Beyond the Warehouse: Lakehouses Modernize Data Architecture

FEATURED Blog

Data Governance: How to Prepare for the Future

The pace of data growth is increasing dramatically. Is your organization prepared? Learn how to prepare for the future in our blog.

Read the Blog

This is the first article in a four-part blog series where we’ll look at the evolution of data storage and analytical architectures and how they contribute to creating mature, data-driven organizations. Customer maturity along the data spectrum is indeed a journey, and building the appropriate architecture over time is a key component. Join us as we provide insight into what organizations can do now to better prepare for technological changes in the future.

As businesses grow, massive amounts of data are generated every day. Organizations have been struggling with how to manage this data for years — how to set up the most cost-effective architecture so data can drive insights and ultimately, business outcomes. It’s all part of establishing data maturity, the notion of making the best use of all types of data — from proprietary transactional data to social media data to data generated by IoT devices. Is the journey endless? Not necessarily — new architectures are helping us get there rapidly.

But the evolution has been ongoing for decades, starting with the data warehouse in the late 1980s and moving to data lakes in 2010.  As business needs change requiring more specific answers to business challenges, digital assets must adapt and shift to meet the growing demand this has led to newer concepts being developed such as data lakehouse, data fabric, and data mesh. The cloud, of course, has and continues to be the foundation for these dynamic shifts. Let’s take a quick look back.

The warehouse comes up short

Data warehousing started with the great promise of helping business leaders gain analytical insights by collecting data from operational databases in centralized warehouses. Warehouse data was schema-based, ensuring that it was optimized for downstream business intelligence. These were called first-generation data analytics platforms.

A decade ago, these first-generation systems started to face many challenges. First, they typically coupled computing and storage on-premises making data analysts miserable. They often had to wait 24 hours or more for data to flow into the warehouse before it was ready for analysis and even longer to run complex queries.

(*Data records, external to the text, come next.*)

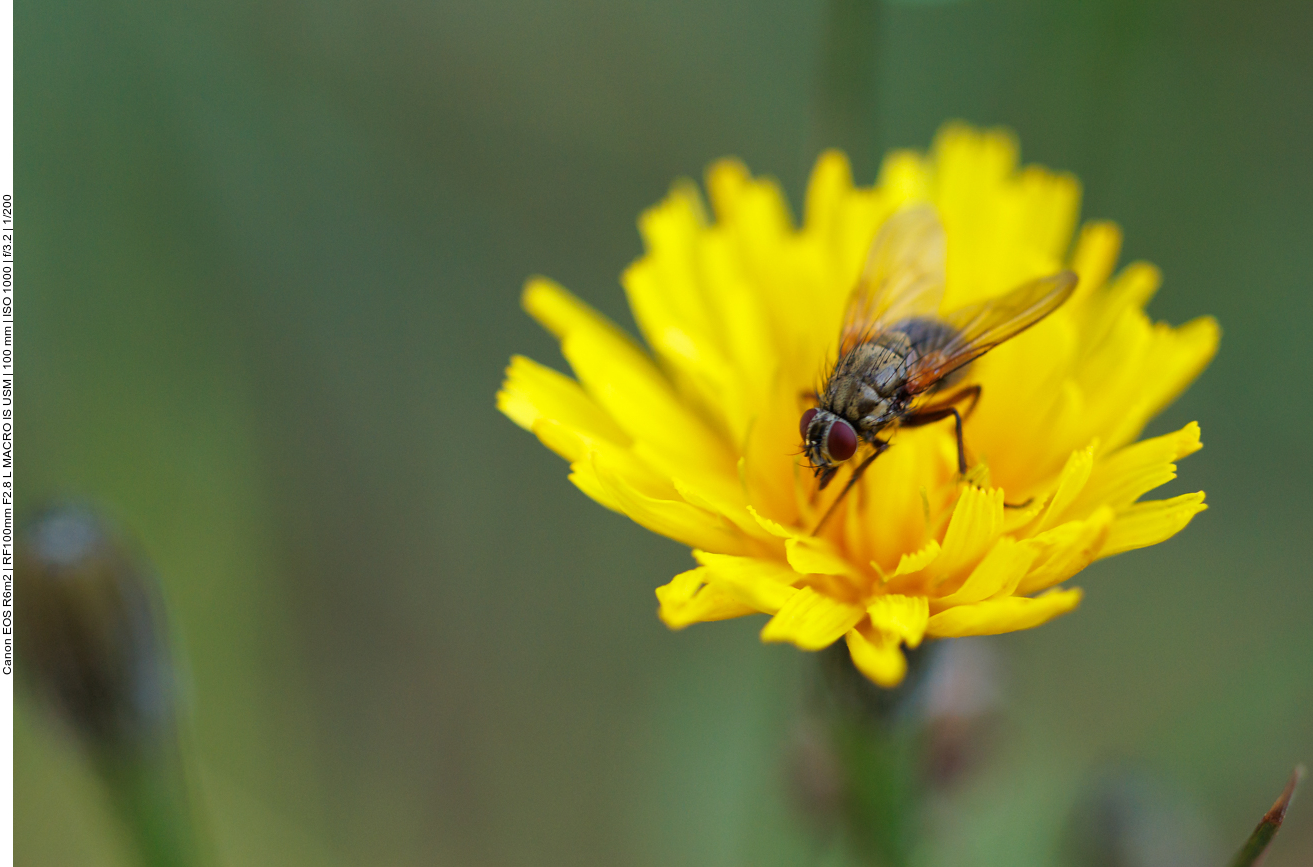 Fliege auf Herbst-Löwenzahn [Scorzoneroides autumnalis] 
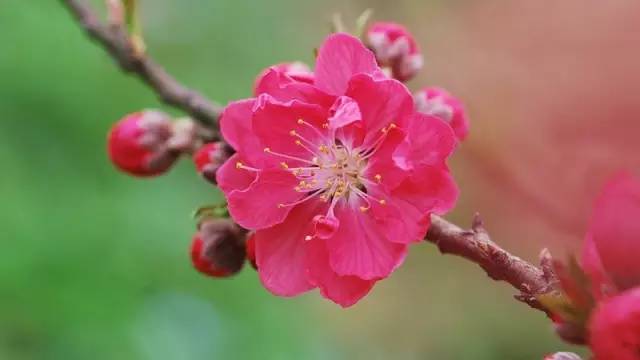 一枝花最新預(yù)測(cè),一枝花的最新預(yù)測(cè)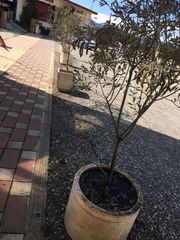 Γλάστρες τσιμεντένιες διάφορες παρτίδα-thumb-30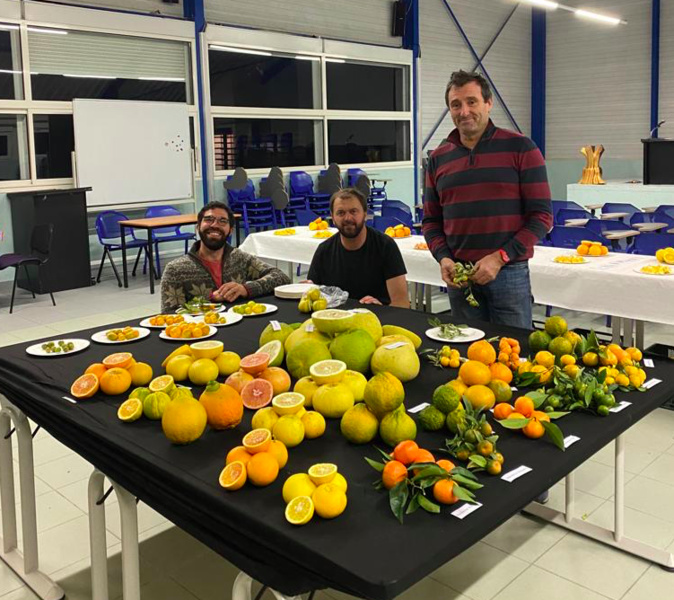 Une journée pour découvrir les 1 100 variétés d’agrumes de San Giulianu Une journée pour découvrir les 1 100 variétés d’agrumes de San Giulianu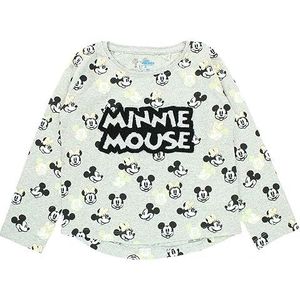 Disney Dis Mf 52 02 8919/8921 S2 T-shirt voor dames, grijs.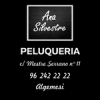 Ana Silbestre Peluqueria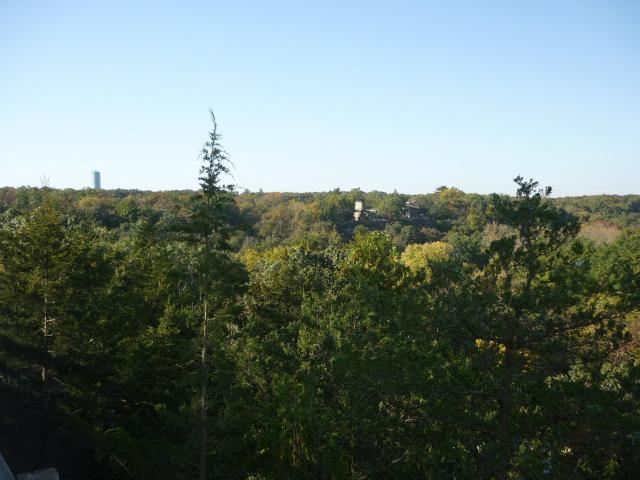 P1030914.JPG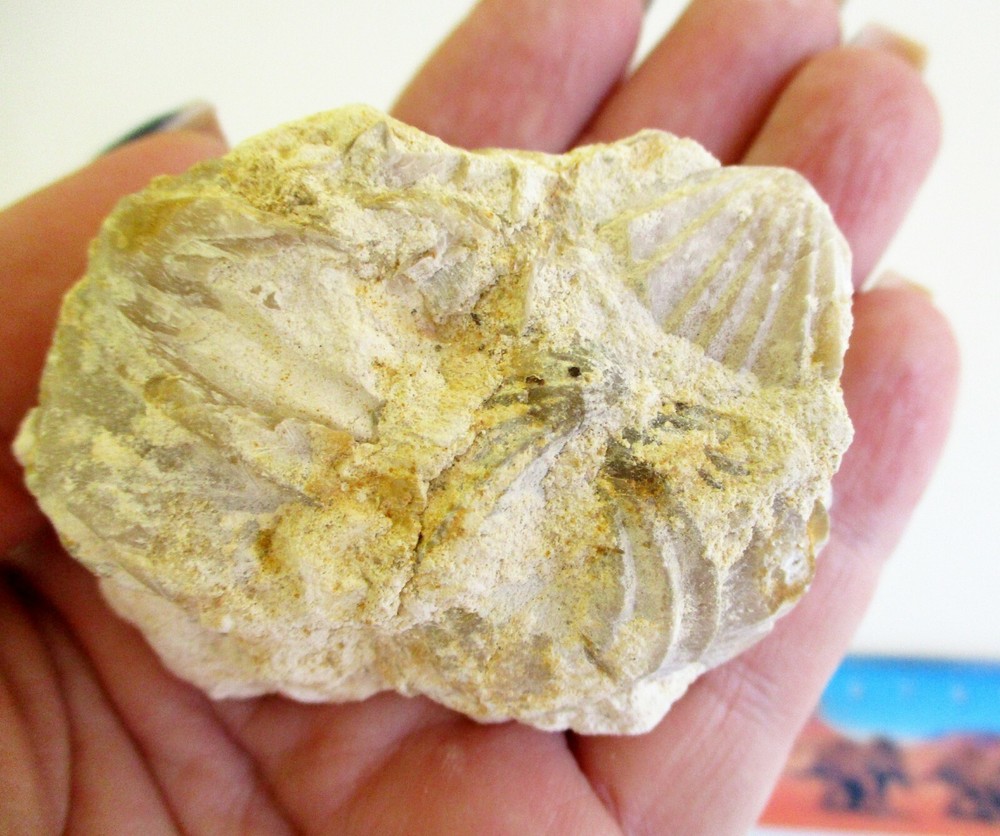 Large Brachiopods Cluster BA392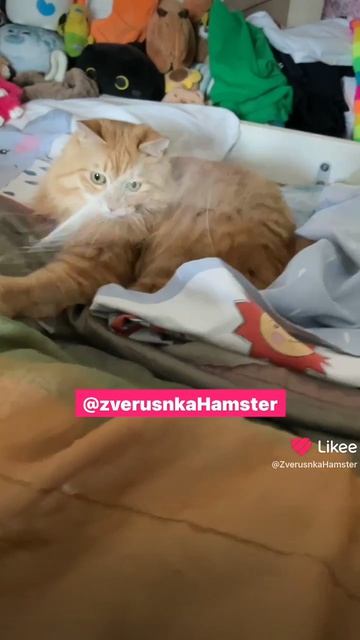 Это моё видео мой аккаунт в приложенииLikee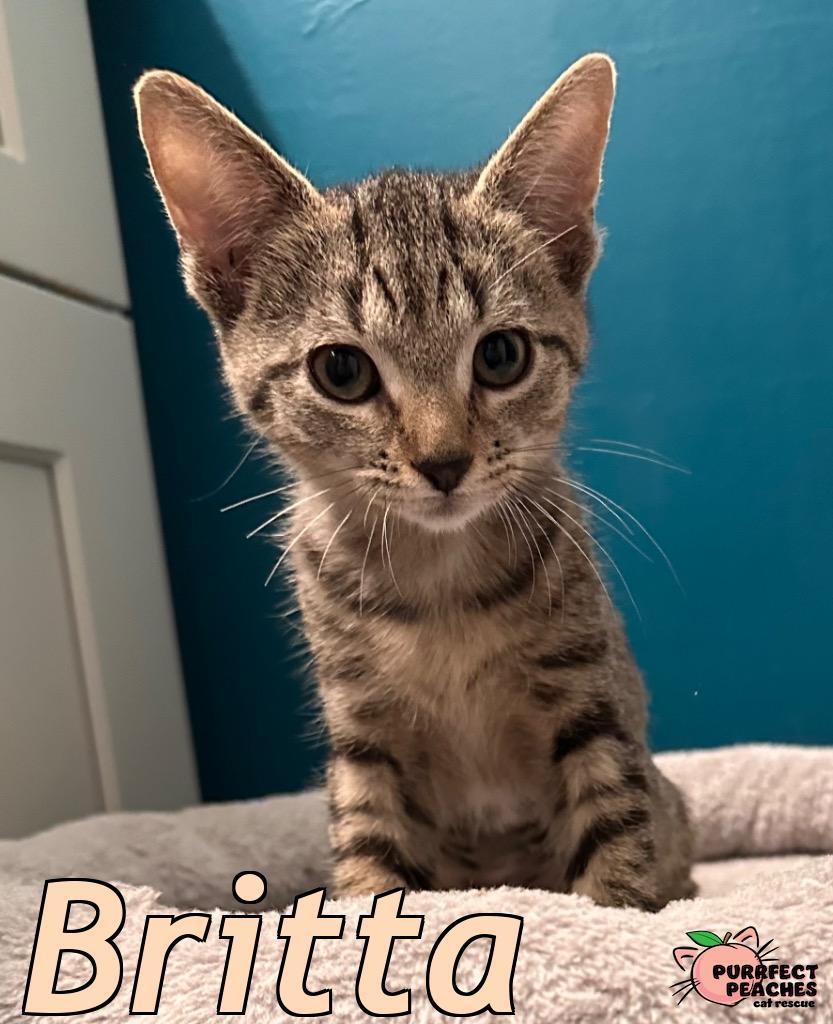 Enlarge Britta, a Adoptable mixed breed in Douglasville, GA image 5/5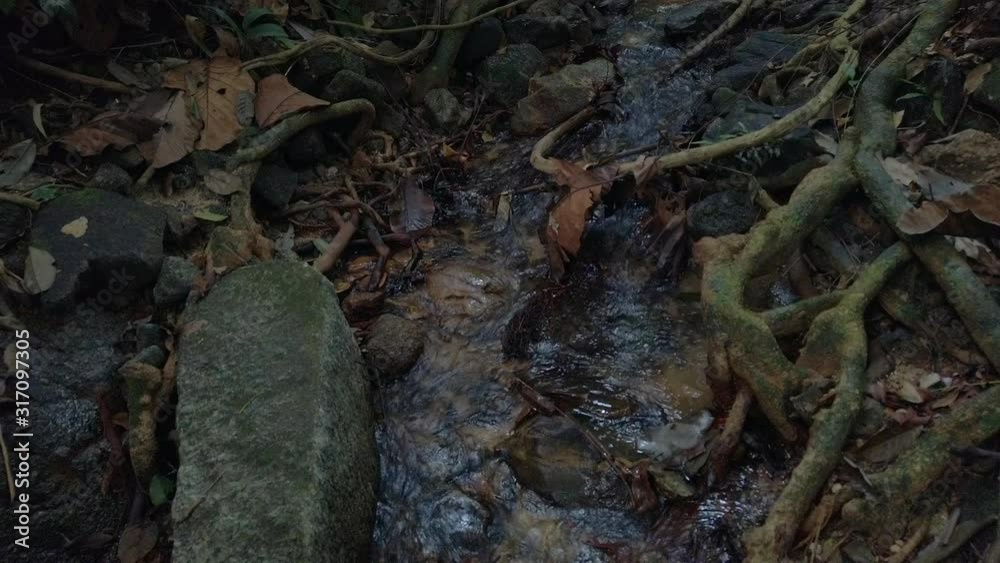 Beautiful scenery of cascaded river flowing through tropical rain forest Beautiful scenery of cascaded river flowing through tropical rain forest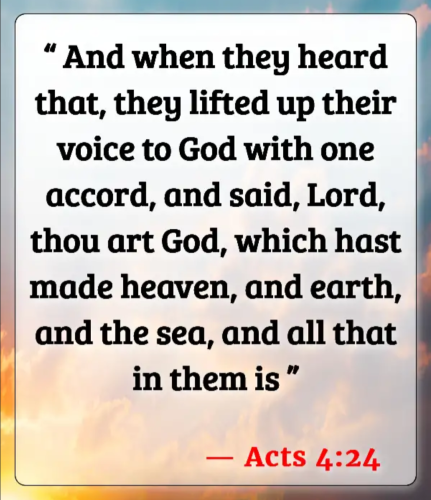 Screenshot_20260120-185444-780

Mergers, acquisitions, and competing internal projects resulted in the creation of multiple data warehouses. As a result, warehouses themselves became pockets of data disparity. The risk of data drift and inconsistencies proliferated and in some cases were nearly impossible to reconcile.

Warehouses were also designed in a way that increased dependency on the proprietary data warehouse vendor to a point where the organization could not access its own data without paying the vendor. Called vendor lock-in, companies couldn’t free themselves, even when there was a new and better technology alternative available in the market.

Because data warehouses solely focus on structured, transaction-based data, the limitations became problematic when companies wanted to start taking advantage of the increasing variety of data (text, IoT, images, audio, videos, drones, etc.) available for analysis. And finally, the rise of machine learning (ML) and artificial intelligence (AI) required direct access to data that was not based on SQL. So, to take advantage of AI or ML, data had to be moved physically out of the warehouse again.

That’s a lot of reasons to look for something better.

Data lakes enter the picture

New demands dictated a new approach. Terms like big data, cloud computing, data lakes, analytics and self-service became commonplace. These second-generation platforms were designed to capture all data by offloading it into data lakes.

Data lakes are simply repositories for data and store that data in its natural/raw format. Let’s look specifically at what is being dumped:

  • Structured data from relational or transactional databases (rows and columns)
  • Semi-structured data (CSV, logs, XML, JSON)
  • Unstructured data (emails, documents, PDFs)
  • Binary data (images, audio, video)

A data lake works on a principle called schema-on-read. This means there is no predefined schema into which data needs to be fitted before storage. Only when the data is read during processing is it transformed into a schema. This enables the agile storing of data at a low cost, but punted the problem of data quality and governance downstream.

For BI analysis, a small subset of data is later moved to a downstream warehouse. The use of open formats did make data lakes data directly accessible to a wide range of other analytics engines, such as ML systems.

But not all was rosy. Data lakes can be highly complex architectures for those who must work with and manage them. Data becomes scattered in multiple repositories, file shares, storage accounts, or databases, resulting in difficulty to locate and combine, and leading to the creation and maintenance of complicated pipelines and data joins. Data is copied multiple times in the process, taking up excess storage space and raising data governance and security concerns.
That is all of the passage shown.